--- Task to carry out ---
First find the line with "ضد آفتاب فلویید", then reproduce it and all following lines of the data to the end, exactly and with no pictures, adding nothing.
--- Input records ---
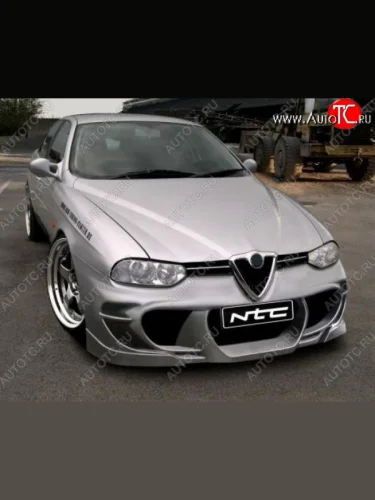 Передний бампер NTC Alfa Romeo 156 932 дорестайлинг, седан (1996-2002)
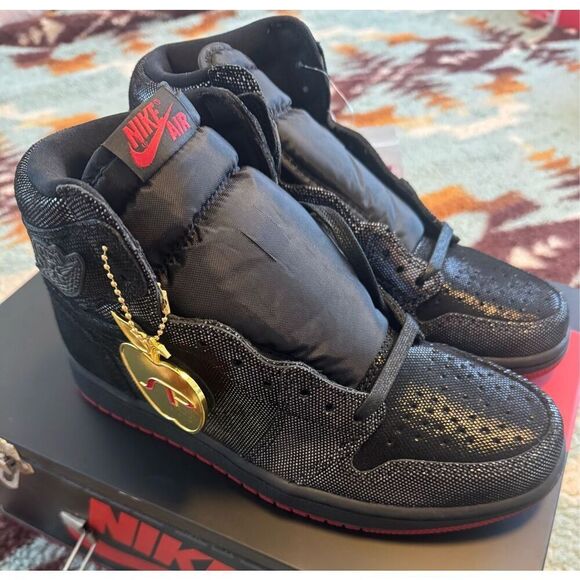 Nike Air Jordan 1 Size 7.5 Men Retro High OG SP Gina Special Lunchbox CD7071-001 - Picture 1 of 7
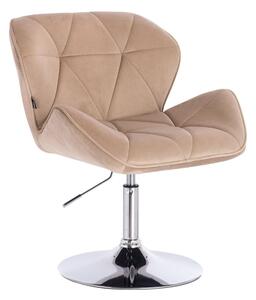HR111N Scaun Latte Catifea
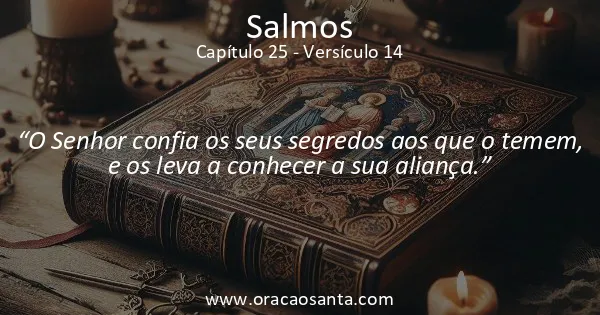 Salmos 25:14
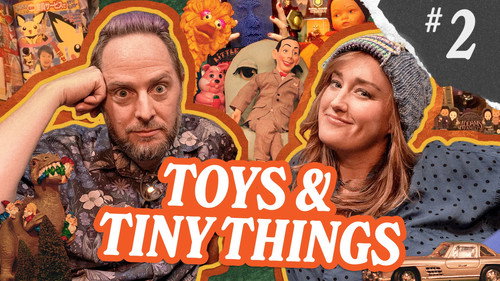 Weird Kids Season 1 Episode 2 - Toys and Tiny Things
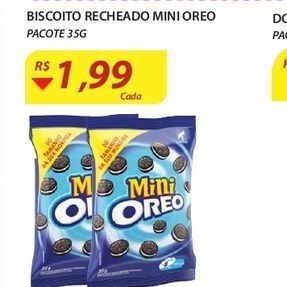 Biscoito Recheado Mini Oreo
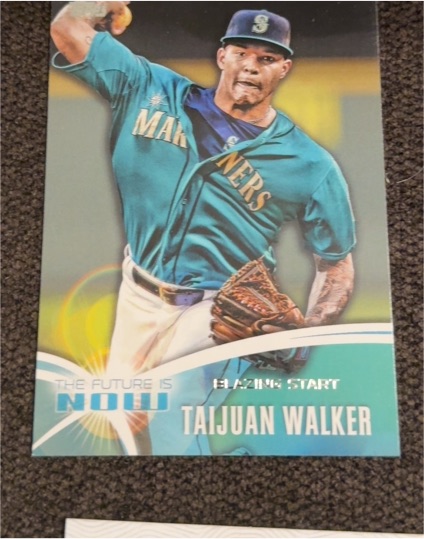 2014 Topps The Future is Now #FN-44 Taijuan Walker — front
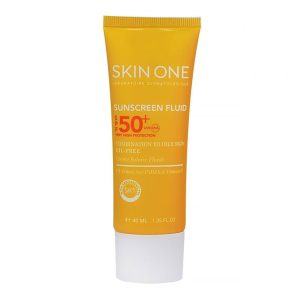 ضد آفتاب فلویید +SPF50 پوست چرب و مختلط اسکین وان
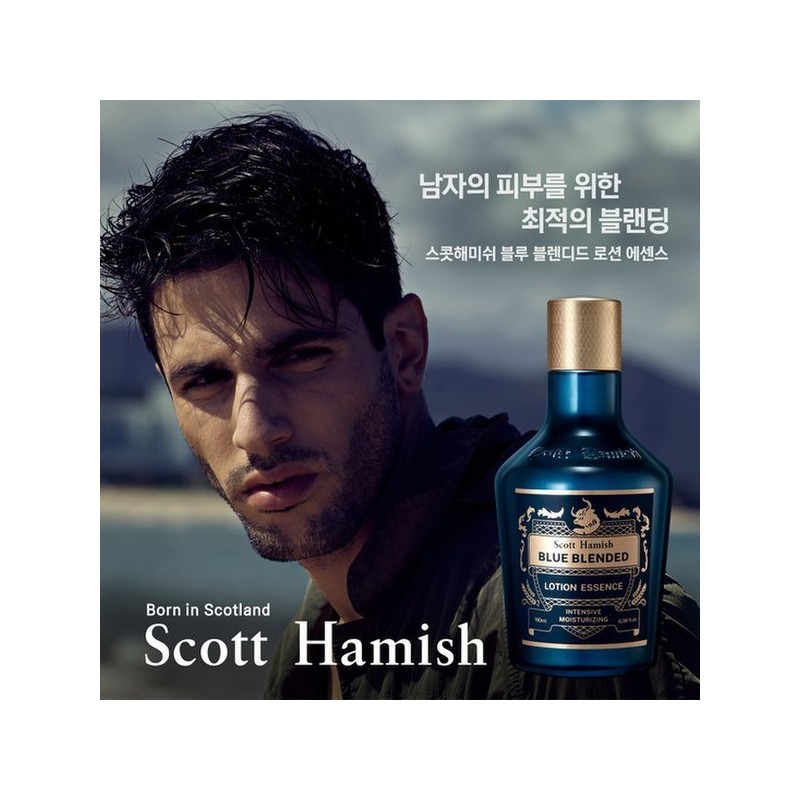 Scott Hammish 스콧해미쉬 블루 블렌디드 로션 에센스 180ml Scott Hamish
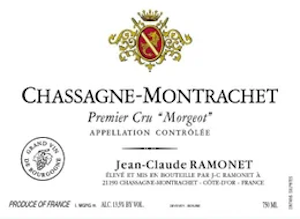 Jean-Claude Ramonet Chassagne-Montrachet Premier Cru Morgeot Rouge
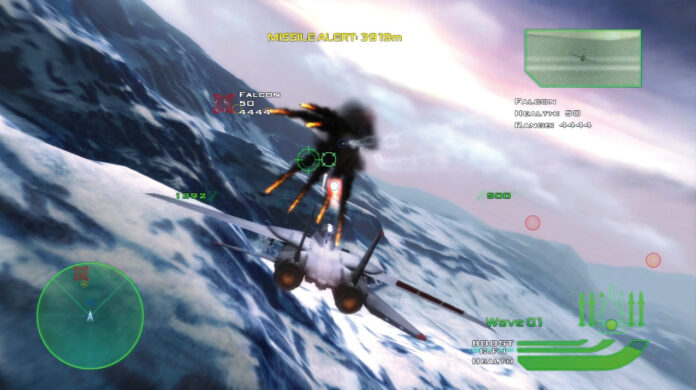 Screenshot von Top Gun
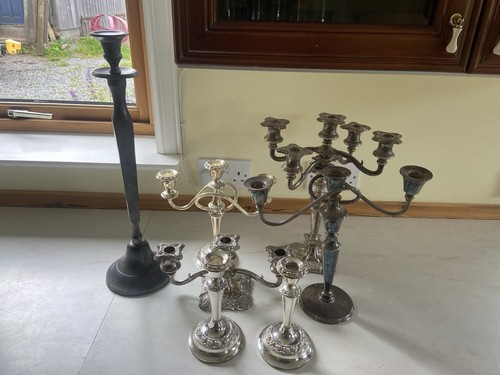 Vintage repro candlesticks - vintage/repro,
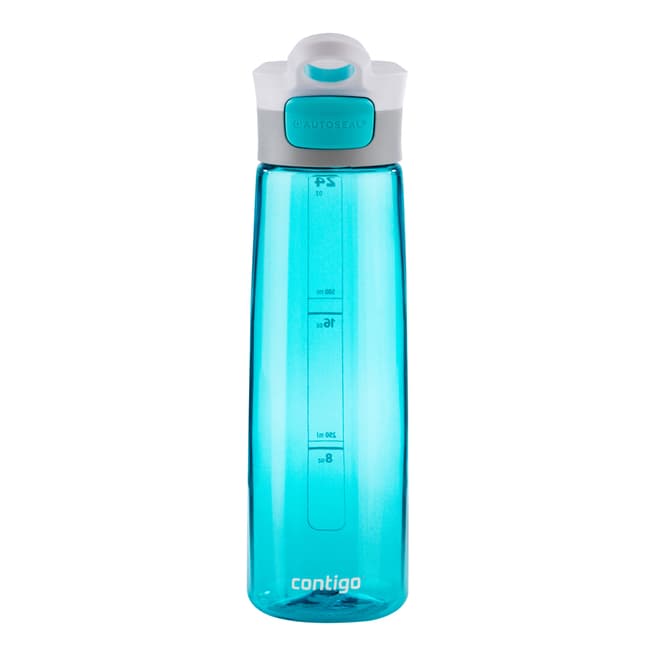 Contigo Grace Ocean/White Autoseal Water Bottle, 750ml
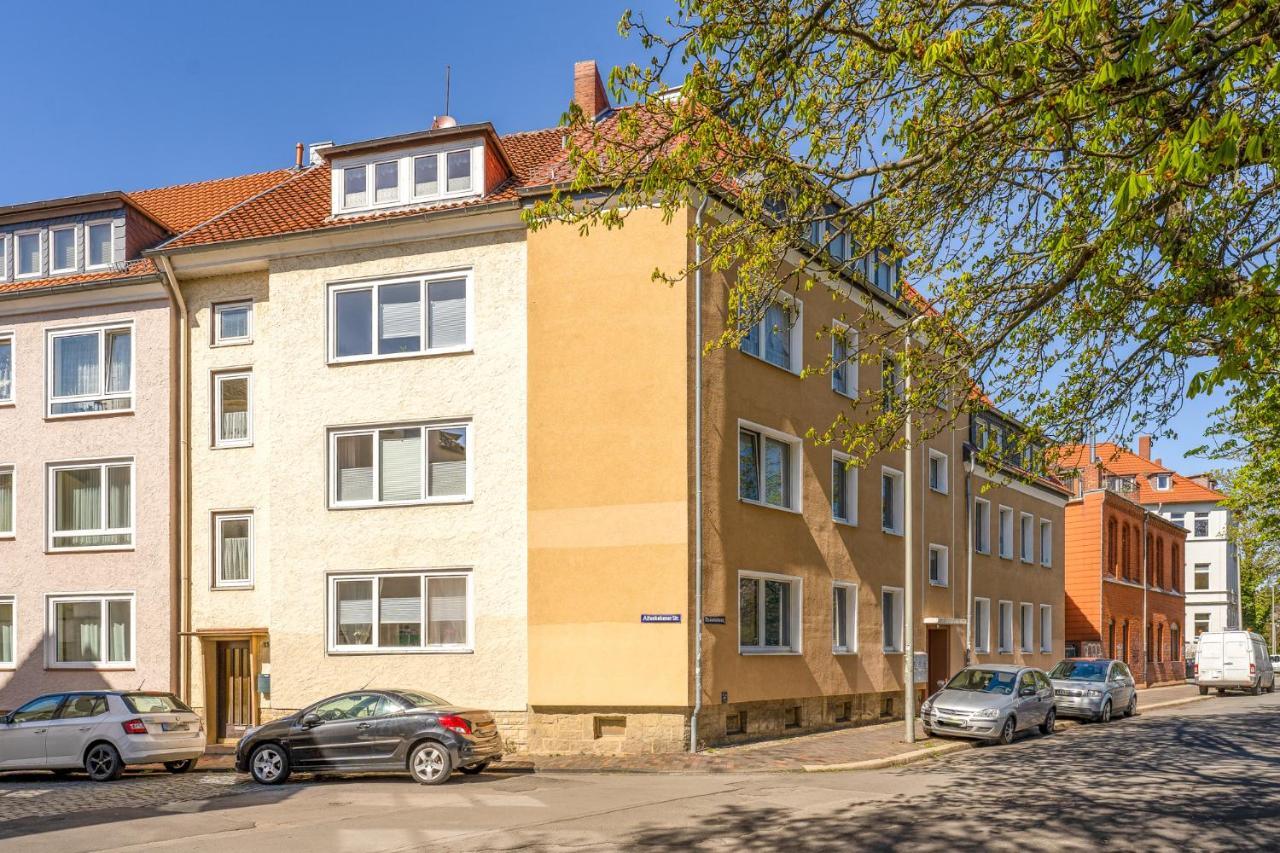 Flatlight - Shiny Apartment - Balcony - Central - Kitchen Hildesheim Ngoại thất bức ảnh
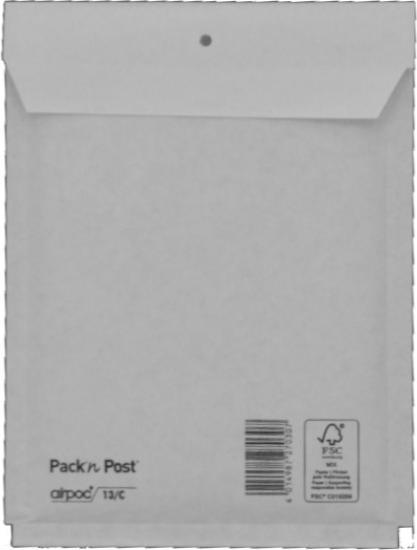 Mailmedia Bubble envelopes, type C13, white, 15 g Outer dimensions: 170 x 225 mm, inner dimensions: 145 x 215 (100 x)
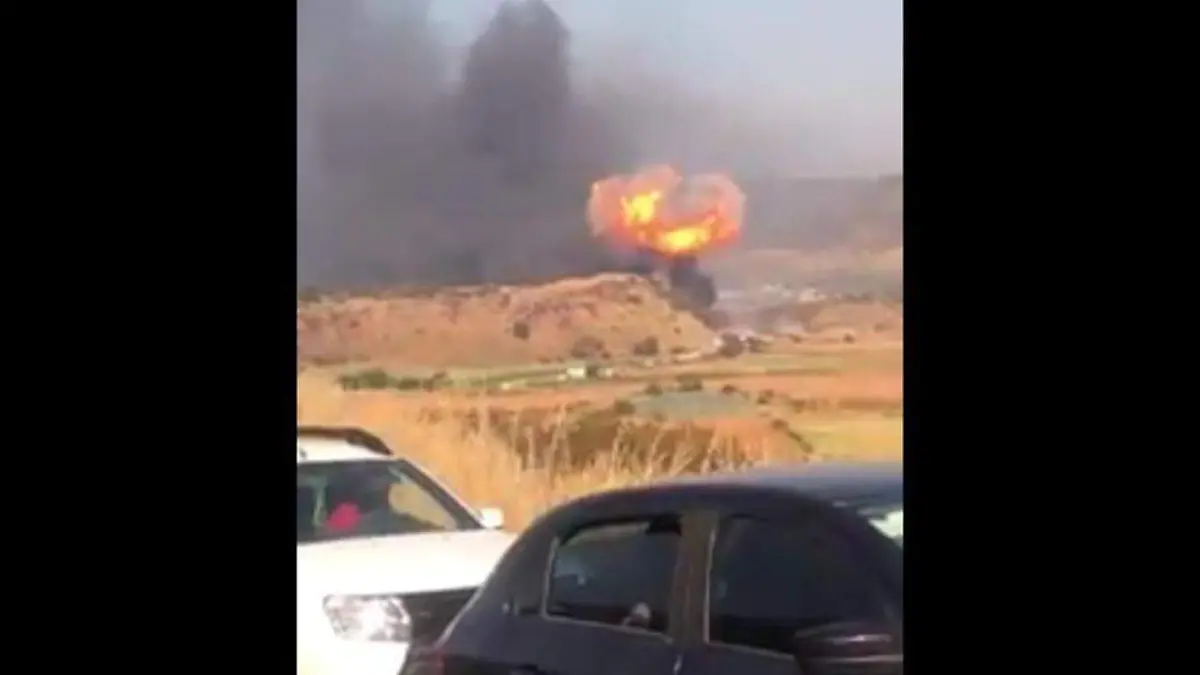 Explosión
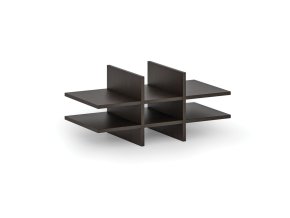 nika primo wood 762 x 378 x 320 mm wenge 70157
---
--- Solution ---
 ضد آفتاب فلویید +SPF50 پوست چرب و مختلط اسکین وان
 Scott Hammish 스콧해미쉬 블루 블렌디드 로션 에센스 180ml Scott Hamish
 Jean-Claude Ramonet Chassagne-Montrachet Premier Cru Morgeot Rouge
 Screenshot von Top Gun
 Vintage repro candlesticks - vintage/repro,
 Contigo Grace Ocean/White Autoseal Water Bottle, 750ml
 Flatlight - Shiny Apartment - Balcony - Central - Kitchen Hildesheim Ngoại thất bức ảnh
 Mailmedia Bubble envelopes, type C13, white, 15 g Outer dimensions: 170 x 225 mm, inner dimensions: 145 x 215 (100 x)
 Explosión
 nika primo wood 762 x 378 x 320 mm wenge 70157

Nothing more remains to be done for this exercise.